I need to go off on a personal tangent right quick. You ever felt like people just do not listen to you? Like the louder you yell, the less they listen? Well, that's how I feel every f***ing day. No one likes to listen to me and you know what? I am f***ing tired of being ignored. I'm tired of people brushing me off like it's nothing. I have something to say and damn it, you're gonna listen! I'm a chill kind of person and things don't get to me very often. I can often think things through with a level head and not get too upset about it.

That being said, I have a few hot buttons. I can go from 0 to 100 if those hot buttons are pressed. Like this whole, 'You're a bum. You don't do a damn thing around here. Stop being a bum.' thing. That gets me so hot, so quick. Like I'm the one that does the most around here. I can't say that though. If I do, I just get some sort of sarcastic response. Like 'Yeah, you do. The minimum, but you do.' OH REALLY?! The minimum. The f***ing minimum?! So after all of the things that I do and everything I go through on a daily basis trying to make other people happy even if I may not have gotten time for little ol' me who doesn't really ask for much and tries her hardest to make sure everybody else is okay and everything is done around here, you're telling me that after all that, I'm still unappreciated? Well, okay. At least I know for sure now.

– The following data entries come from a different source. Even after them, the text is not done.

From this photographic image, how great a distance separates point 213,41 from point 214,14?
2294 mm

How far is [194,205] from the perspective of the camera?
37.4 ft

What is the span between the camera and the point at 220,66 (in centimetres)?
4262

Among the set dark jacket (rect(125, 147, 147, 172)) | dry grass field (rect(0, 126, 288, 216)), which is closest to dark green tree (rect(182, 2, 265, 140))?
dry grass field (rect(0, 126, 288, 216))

You know, awhile ago, I was really excited about the prospect of me moving out in about a year or so, because now I get to experience life on my own and see what the real world is like and all that jazz. But now? Now I just want to prove a f***ing point. That without me, everything else is going to hell in a basket. I know, I know. That's a little bit petty. But don't I deserve the right to be petty every once in a while? I think I do. Especially after all the shit I've been through. I think I do.

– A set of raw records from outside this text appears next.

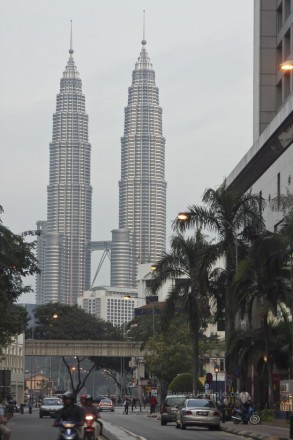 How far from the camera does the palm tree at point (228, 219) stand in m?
68.1

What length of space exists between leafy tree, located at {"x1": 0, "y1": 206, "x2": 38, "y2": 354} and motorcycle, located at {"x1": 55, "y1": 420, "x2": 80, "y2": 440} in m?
A: 34.5

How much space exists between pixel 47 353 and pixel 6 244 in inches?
3459

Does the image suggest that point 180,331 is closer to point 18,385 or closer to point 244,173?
point 244,173

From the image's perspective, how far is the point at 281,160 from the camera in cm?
8362

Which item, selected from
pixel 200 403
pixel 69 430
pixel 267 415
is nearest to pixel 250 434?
pixel 200 403

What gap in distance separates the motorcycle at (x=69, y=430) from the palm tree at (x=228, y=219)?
41.8 metres

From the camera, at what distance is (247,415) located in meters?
61.0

Anyway, I just had to get that off of my chest. I feel much better now. :)

Friday, November 2, 2012

Over and Over

So, yesterday, I dedicated the entire day to Three Days Grace. I listened to all of the albums in their entirety, and I watched some live shows on YouTube and just generally enjoyed the awesomeness that is Three Days Grace. I was listening to One-X and I had gotten to Over and Over and I realized just how much that song meant to me, and my life. It hit me like a ton of bricks and I'm thinking to myself, 'Oh my god. That is so me. This song is me.' I almost wanted to cry.

See, there was this guy that I really, really liked in high school and the feelings, to put it mildly, were unrequited. And despite knowing that it would never happen, I could not make the feelings go away. 

Over and over, over and over, I fall for you.

It sucked, for lack of a better word. I wanted to move on with my life but it felt as if I was stuck in an endless loop of heartbreak and I couldn't get out of it. I tried to push the feelings away, but every time I thought I'd gotten rid of them, they'd return with a vengeance. Why me?

So here I go again, chasing you down again, why do I do this?

I couldn't for the life of me understand why my heart wouldn't just disappear so I could go on with my life. I was miserable, and I was tired of it, but as I always say, the heart wants what the heart wants and you can't do anything about it.

I know what's best for me, but I want you instead, I'll keep on wasting all my time.

I knew that eventually I had to give up on this if I ever wanted to be happy but I just could not help myself. You know how when you see that person you want more than anything, nothing else really matters? You just want them and nothing else? Yeah, that was me back then.

I love and hate this song all at the same time. I love it because, well, it's freaking awesome and it means something and is filled with all kinds of emotion and I love it. I hate it because I do not like thinking about that time in my life and this song sends me on a one-way trip back to then. I almost want to cry.